Compendium Scribe produces XML shaped like:

```xml
<compendium topic="Lithium-ion Battery Recycling" generated_at="2025-01-07T14:32:33+00:00">
  <overview><![CDATA[Comprehensive synthesis of the state of lithium-ion recycling...]]></overview>
  <methodology>
    <step><![CDATA[Surveyed peer-reviewed literature from 2022–2025]]></step>
    <step><![CDATA[Corroborated industrial capacity data with regulatory filings]]></step>
  </methodology>
  <sections>
    <section id="S01">
      <title><![CDATA[Technology Landscape]]></title>
      <summary><![CDATA[Dominant recycling modalities and throughput metrics...]]></summary>
      <key_terms>
        <term><![CDATA[hydrometallurgy]]></term>
        <term><![CDATA[direct recycling]]></term>
      </key_terms>
      <guiding_questions>
        <question><![CDATA[Which processes yield the highest cobalt recovery rates?]]></question>
      </guiding_questions>
      <insights>
        <insight>
          <title><![CDATA[Hydrometallurgy remains the throughput leader]]></title>
          <evidence><![CDATA[EPRI 2024 data shows >95% cobalt recovery in commercial plants.]]></evidence>
          <implications><![CDATA[Capital efficiency favors hydrometallurgy for near-term scaling.]]></implications>
          <citations>
            <ref>C1</ref>
          </citations>
        </insight>
      </insights>
    </section>
  </sections>
  <citations>
    <citation id="C1">
      <title><![CDATA[EPRI Lithium-ion Recycling Benchmarking 2024]]></title>
      <url><![CDATA[https://example.com/epri-li-benchmark]]></url>
      <publisher><![CDATA[EPRI]]></publisher>
      <published_at><![CDATA[2024-09-01]]></published_at>
      <summary><![CDATA[Performance metrics for recycling modalities across 12 facilities.]]></summary>
    </citation>
  </citations>
  <open_questions>
    <question><![CDATA[How will policy incentives shape regional plant siting post-2025?]]></question>
  </open_questions>
</compendium>
```

This format is intentionally verbose to support downstream transformation.
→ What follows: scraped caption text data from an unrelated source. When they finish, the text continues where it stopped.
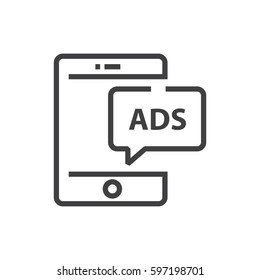 Mobile Advertisement Line icon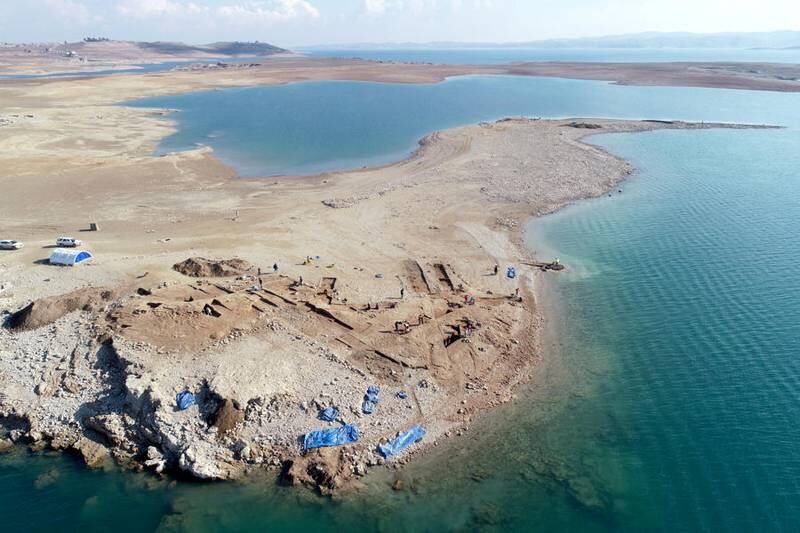 Drought in Iraq has revealed a 3,400 city beneath the waters of a dam on the Tigris River.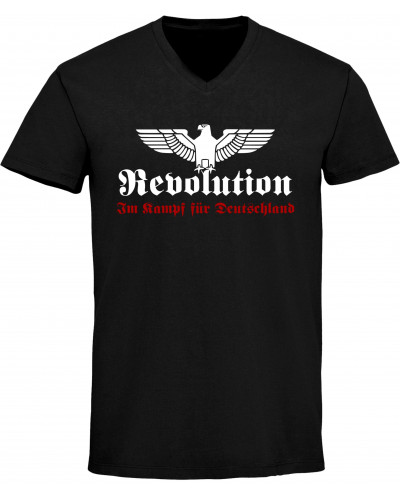 Herren V-Ausschnitt T-Shirt (Revolution Deutschland)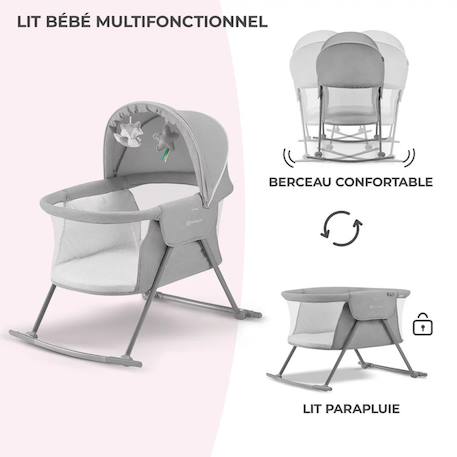 Berceau pliant 3 en 1 avec fonction lit de camping et bascule Beige+Grey 8 - vertbaudet enfant 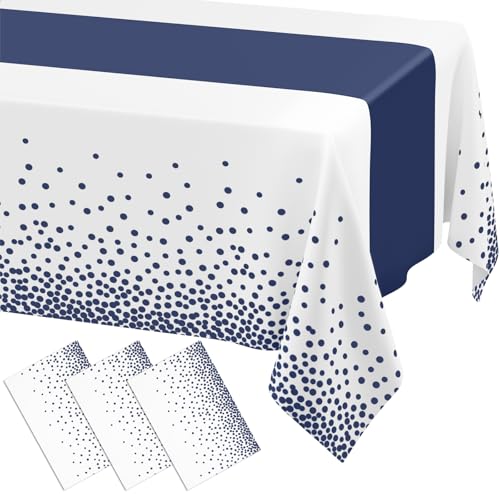 Smiry Disposable Rectangle Plastic 54 x 108 Inch Table Cloth 3 Pack - color: White and Navy
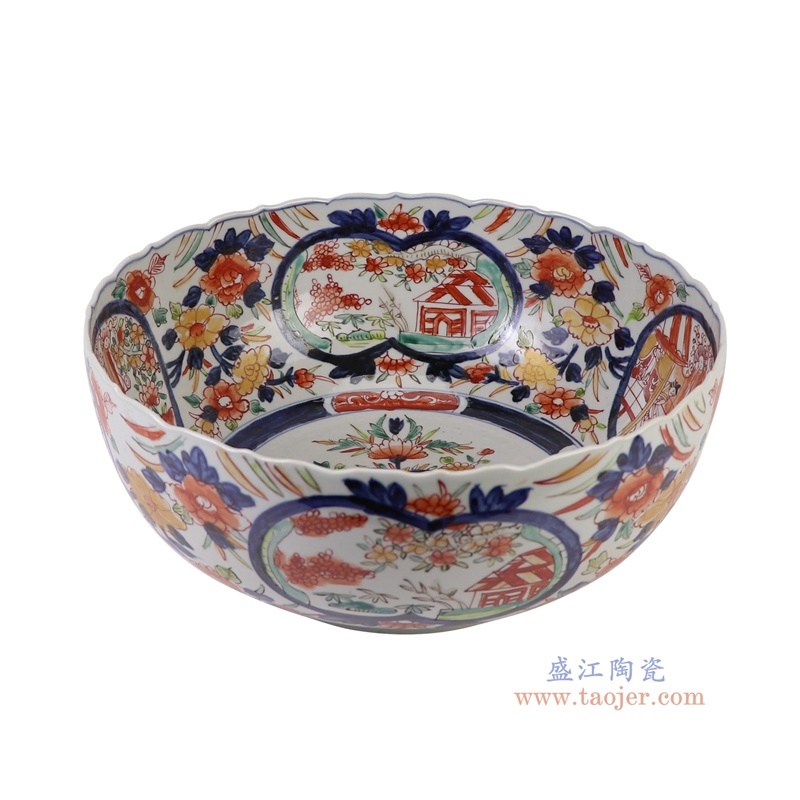 青花矾红人物碗中号，产品编号：RZQF21       产品尺寸(单位cm):  高14.8直径34口径底径19重量3.5KG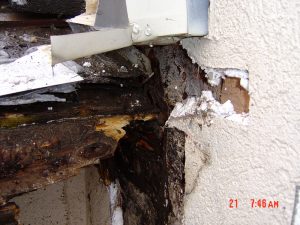 This shows a close-up of exposed water damage on the exterior of a house.
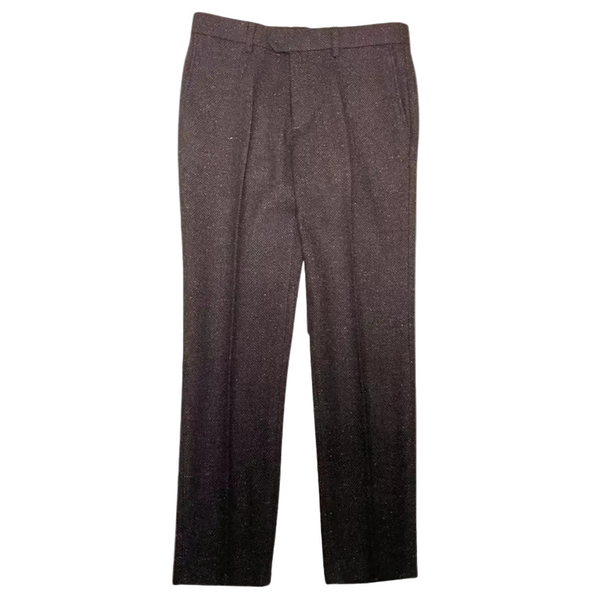 Męskie Spodnie z Prostą Nogawką, Wzorem Jodełki i Zakładkami-Pants for Men-Olave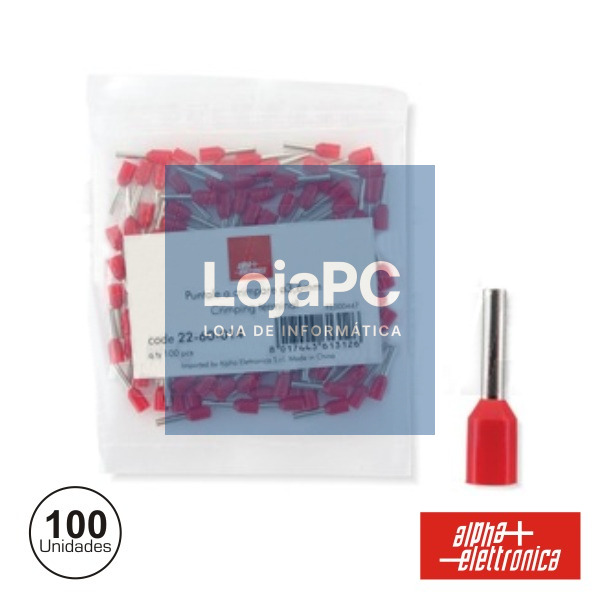 TERMINAL PONTEIRA ISOLADO 3.6MM 100X VERMELHO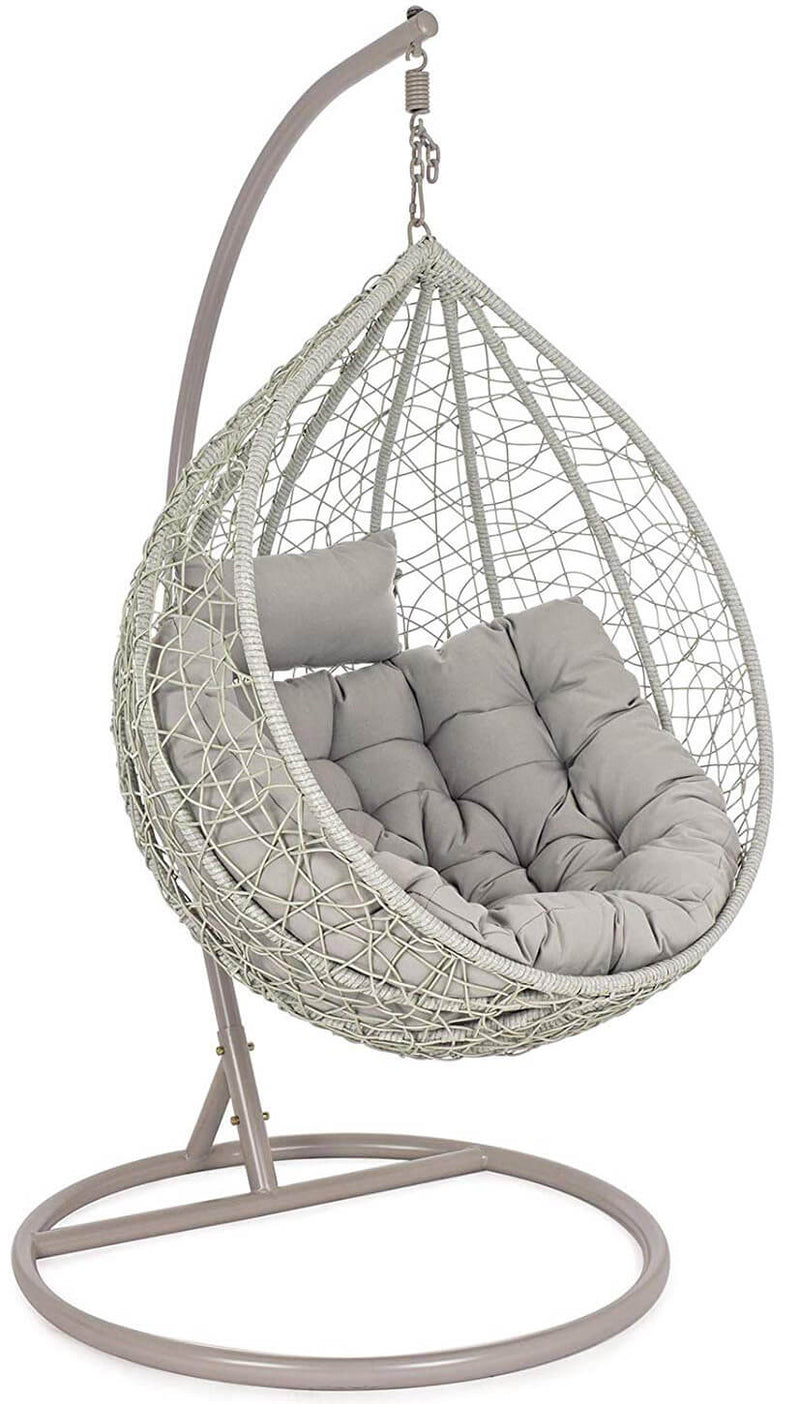 Amaca Dondolina da Giardino in Acciaio e Rattan Zaffiro Grigia-1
Markdown links within text (e.g., `[Label](URL)`) are preserved in the XML to ensure they render correctly in final outputs.

---

## Testing & Quality

- `pdm run test` — Executes the unit suite. Tests stub the OpenAI client, so they run offline.
- `pdm run lint` — Linting.
- `pdm build` — Produce distributable artifacts.

If `pdm` fails to write log files in restricted environments, set `PDM_HOME` to a writable directory (for example, `export PDM_HOME=.pdm_home`).

---

## Contributing

1. Fork and clone the repository.
2. Run `pdm install --group dev`.
3. Make changes following the style guide and update/add tests.
4. Run `pdm run test` and `pdm run lint`.
5. Raise a pull request with:
   - A concise description of the change.
   - Verification commands executed locally.
   - Representative XML samples if the user-facing structure changes.